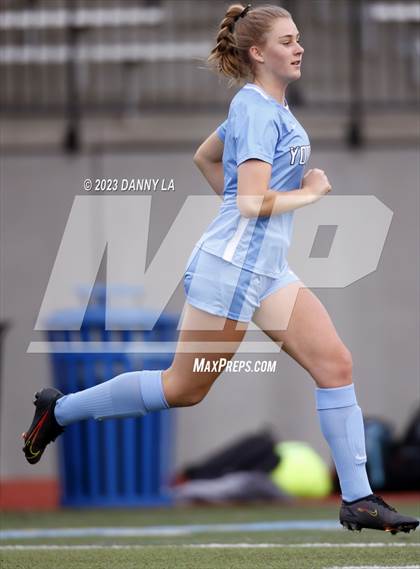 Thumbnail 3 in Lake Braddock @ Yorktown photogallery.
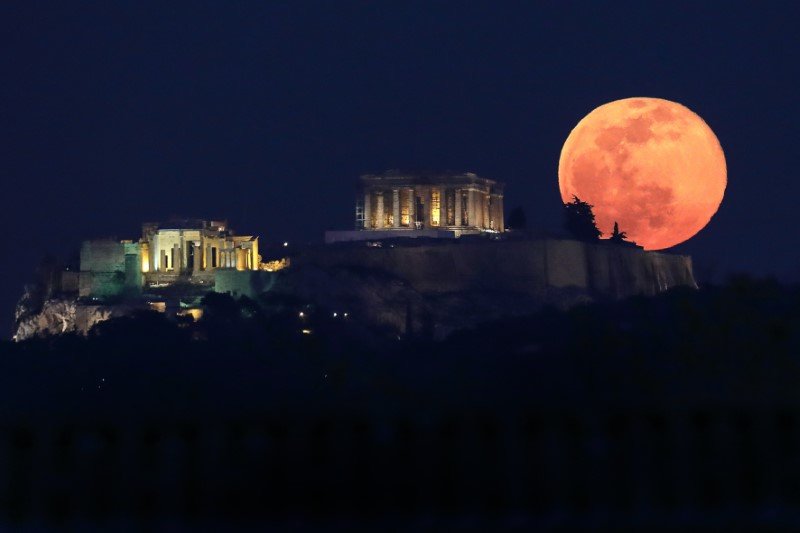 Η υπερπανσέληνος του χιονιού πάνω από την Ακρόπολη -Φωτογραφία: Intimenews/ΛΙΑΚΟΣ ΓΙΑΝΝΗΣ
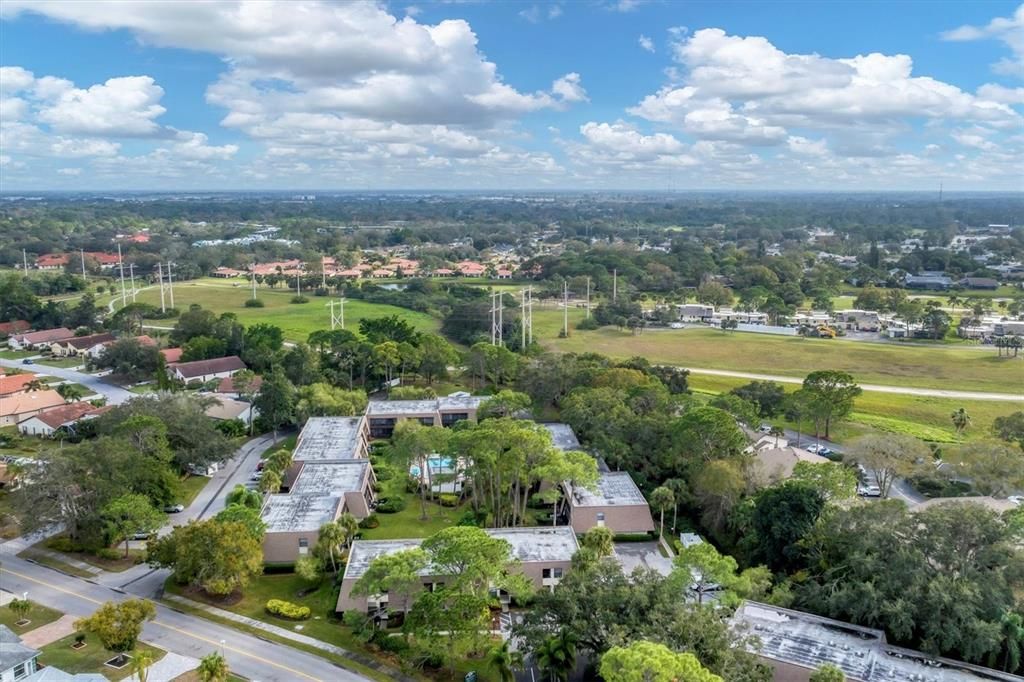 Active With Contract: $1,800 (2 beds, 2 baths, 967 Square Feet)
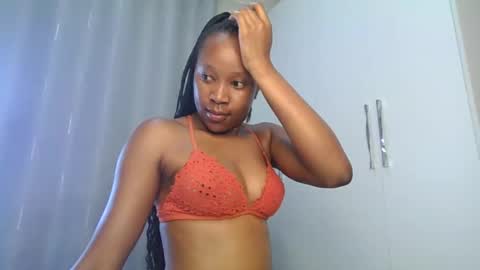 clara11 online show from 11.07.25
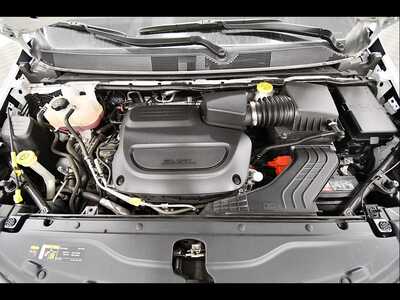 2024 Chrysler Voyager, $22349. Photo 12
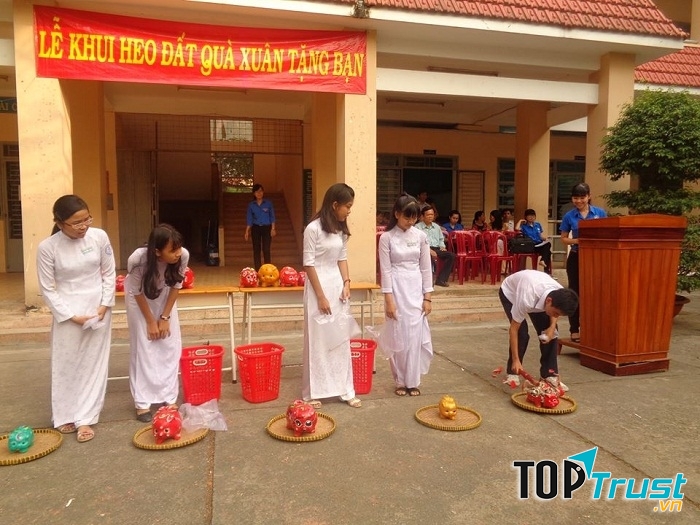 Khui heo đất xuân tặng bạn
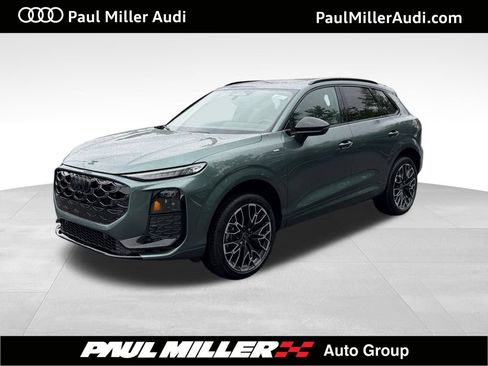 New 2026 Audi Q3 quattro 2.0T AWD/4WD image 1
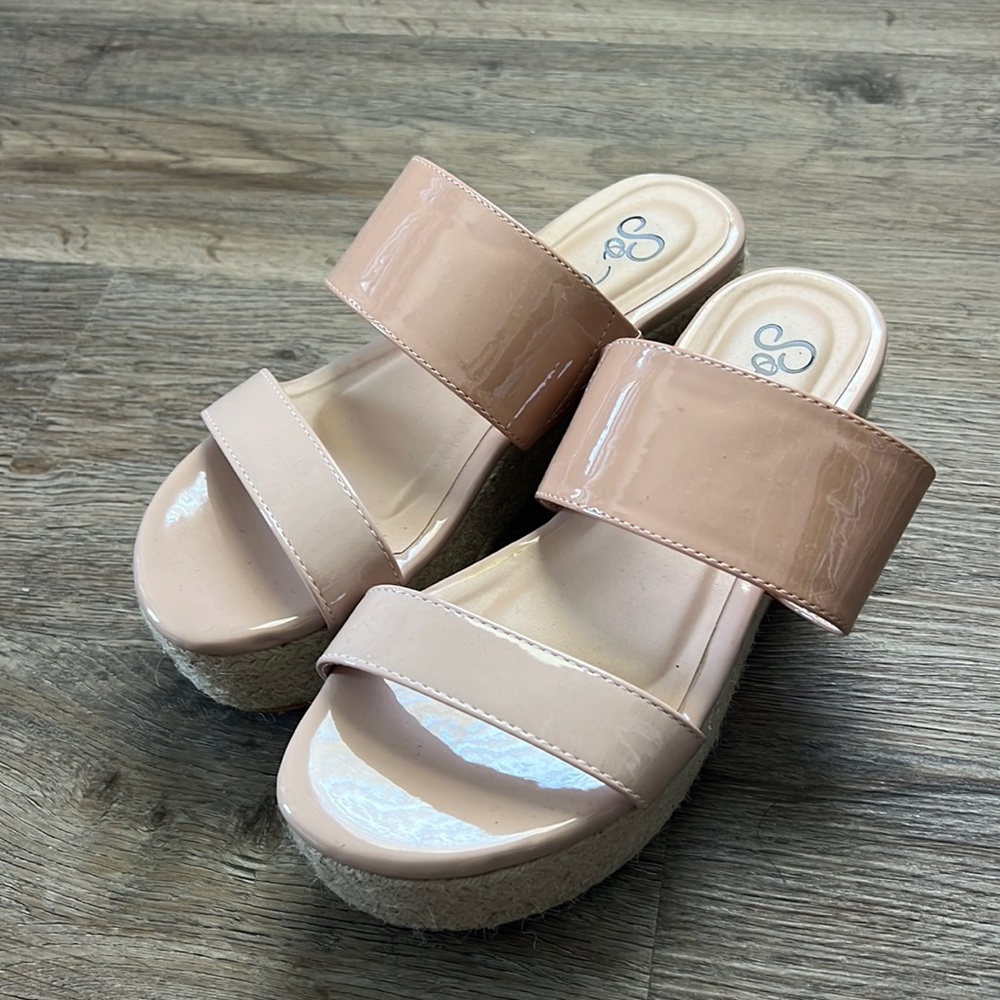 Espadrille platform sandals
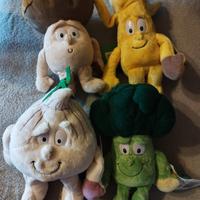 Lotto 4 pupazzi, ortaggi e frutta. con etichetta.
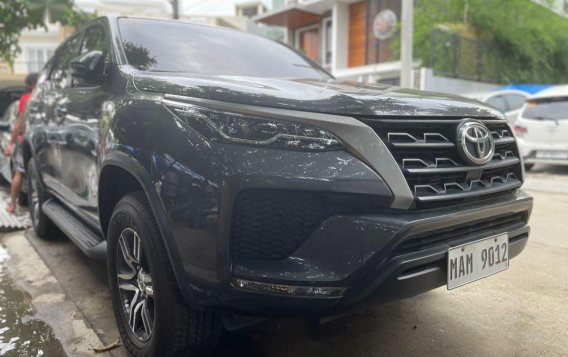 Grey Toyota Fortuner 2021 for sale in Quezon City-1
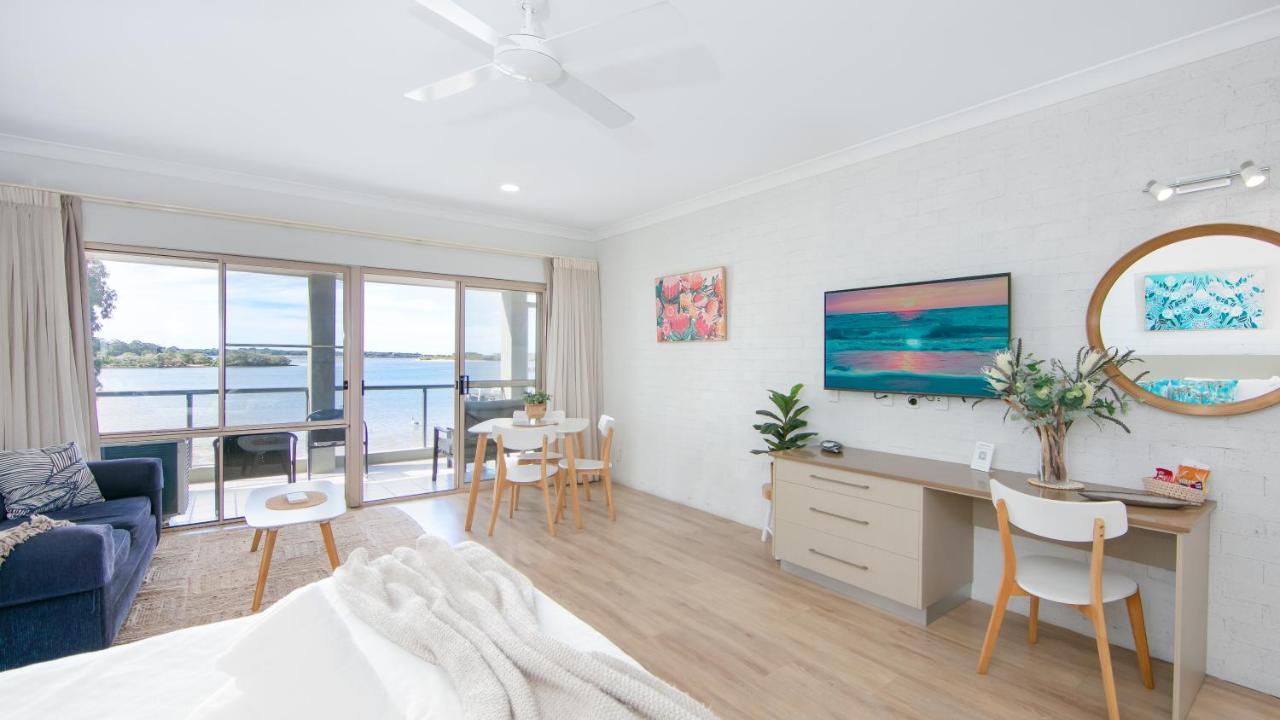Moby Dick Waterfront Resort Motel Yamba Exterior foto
_ _ _
[Work to complete]: Minus its pictures, the full listing should be copied verbatim.

[Result of the task]:
 Thumbnail 3 in Lake Braddock @ Yorktown photogallery.
 Η υπερπανσέληνος του χιονιού πάνω από την Ακρόπολη -Φωτογραφία: Intimenews/ΛΙΑΚΟΣ ΓΙΑΝΝΗΣ
 Active With Contract: $1,800 (2 beds, 2 baths, 967 Square Feet)
 clara11 online show from 11.07.25
 2024 Chrysler Voyager, $22349. Photo 12
 Khui heo đất xuân tặng bạn
 New 2026 Audi Q3 quattro 2.0T AWD/4WD image 1
 Espadrille platform sandals
 Lotto 4 pupazzi, ortaggi e frutta. con etichetta.
 Grey Toyota Fortuner 2021 for sale in Quezon City-1
Moby Dick Waterfront Resort Motel Yamba Exterior foto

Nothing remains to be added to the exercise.